Despite the preceeding normalisation steps, one must be cautious in considering the normalised signals as absolute measures of the gene expression. Due to variation in hybridisation affinities between probes, even for probes within the same gene or exon there will be systematic differences. Differences in sample handling and laboratory procedures may also induce systematic differences at the individual probe level. Even more severe are differences are those between different platforms, where not only the probes are different. These problems can often be reduced by centering the data: e.g. for each probe, subtracting the mean signal across all arrays (or within each batch/centre). What remains is a centred signal that indicates if the signal is high or low relative to other arrays in the series. These allow comparisons between different probes: be that different probes on the same gene, different batches or centres, or even different microarray platforms.
There may be multiple probes for some genes.
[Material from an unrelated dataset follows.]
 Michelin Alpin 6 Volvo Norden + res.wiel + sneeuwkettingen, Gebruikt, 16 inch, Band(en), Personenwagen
These may target the same exon, different exons, alternative splice variants, or non-coding regions of the genome. For probes targeting the same gene, it is convenient with a single signal per gene rather than multiple values. I have decided on the simple approach of using the mean value. Since there will be systematic differences between probes targeting the same gene, this averaging is only performed on complete data after missing values have been imputed. The data need not be centred, although for uncentred data the same reservations apply as for uncentred probe values.
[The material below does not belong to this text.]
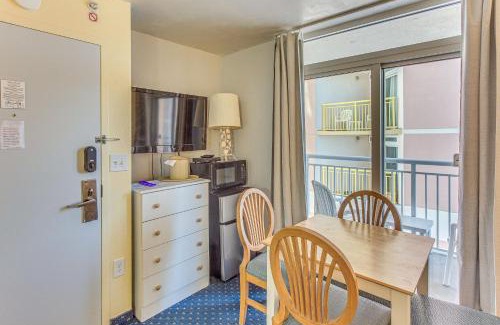 Crescent Beach Apartment | Steps to Beach Bay Watch Resort Studio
The choice if using the mean signal across all probes targeting the gene may not be optimal. However, it is a simple and robust solution. Also, upon checking I have found that, within each gene, probes that show substantial variation between samples tend to correlate well, while probes that show little variation usually do not correlate with the other probes. This is natural if we assume that probes that vary actually capture variations in gene expression, while probes that vary little mostly consist of random noise. The average will be dominated by the probes that vary more, and since these tend to correlate with each other, this average will capture the shared signal; probes that vary little will not correlated well with this, but probably consist mostly of noise anyway.